I always enjoy listening to fresh thoughts on our friend Sherlock Holmes and his cases, and this morning's listen to the Highly Improbable podcast commenting on "Noble Bachelor" was very rewarding, especially on the point of a certain Sherlock Holmes quote. The podcast hosts calling it out for its oddity to a modern ear made me ponder it, and that pondering took me somewhere I don't think I had been before.
"I am one of those who believe that the folly of a monarch and the blundering of a minister in far-gone years will not prevent our children from being some day citizens of the same world-wide country under a flag which shall be a quartering of the Union Jack with the Stars and Stripes."
It's far too easy to focus on the flag imagery in that statement and overlook the rest. I've made one of those flags before. It's a fun little craft.
But let's get down to the meat of it: "world-wide country."
One Earth. One country. And a UK/US union ruling it all, apparently, given that choice of flag.
United Federation of Planets, this ain't.
There are some other curious parts to this statement as well: "I am one of those . . ."
It isn't just some idea Sherlock Holmes came up with. There are others thinking about this notion, apparently, which our history books don't tell us of. Where this all gets particularly interesting is when you combine Sherlock's statement with his later words about his brother Mycroft: "You are right in thinking that he is under the British government. You would also be right in a sense if you said that occasionally he is the British government."
Sherlock Holmes wasn't someone who cared much for politics. Watson listed his original thoughts on Holmes's political knowledge as "feeble." But he did grow up next to a man who was very interested in politics and how the government should work. So where do you think this idea of UK/US global domination might have come from?

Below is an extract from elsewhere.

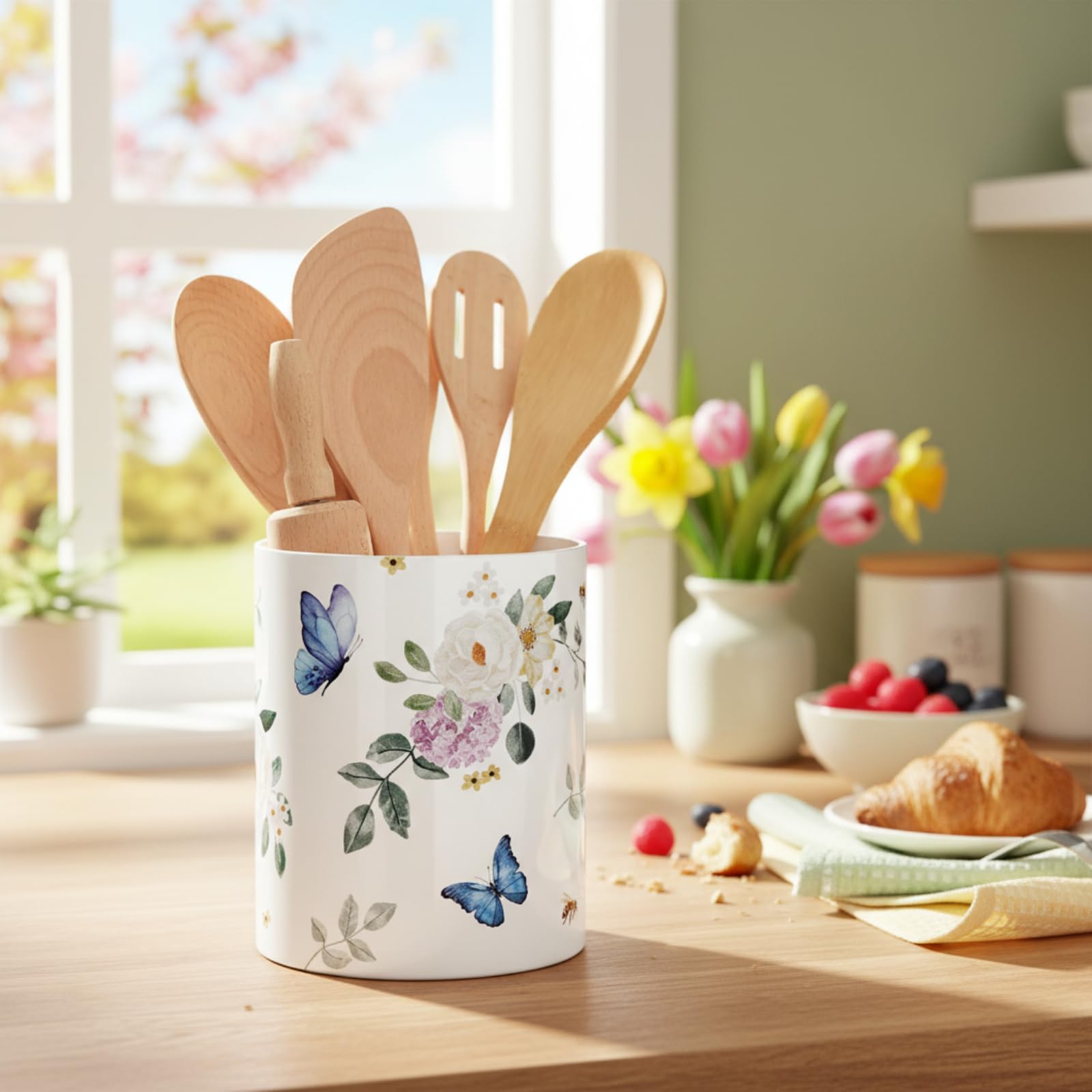 Photo 1 of (WILLBOND Butterfly Spring Kitchen Decor Acrylic Butterfly Kitchen Utensil Holder Crock Spoon Organizer for Countertop Table Decor Coffee Spoon Holder Jar for Cooking Tools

"One of those," he says. Is he just taking some boyhood fantasy of his brother's and pretending it is more widespread than it actually was? Or is he actually talking about a quiet movement to encourage such a future?
Sherlock's quote also has "the folly of a monarch and the blundering of a minister in far-gone years" as the thing that will possibly prevent such a future, and we assume "far-gone" to mean the past. But "far gone" just does not mean the past. It also means "a bad and worsening state." What if he's speaking of the folly of having a monarch in the future, or the blundering of too much power in a future prime minister? Like either of those could cause problems for this global plan?
Mycroft Holmes remains largely a mystery to us, with ties to things in the Sherlockian Canon as subtle and unknown as Professor Moriarty's works. But I can't help but think he's definitely behind this particular statement of his brother Sherlock's in "The Noble Bachelor."
How great were Mycroft Holmes's secret ambitions? Did such ideas pass with youth, or were they quietly being worked at throughout his career? That mystery, as large as the man himself, remains.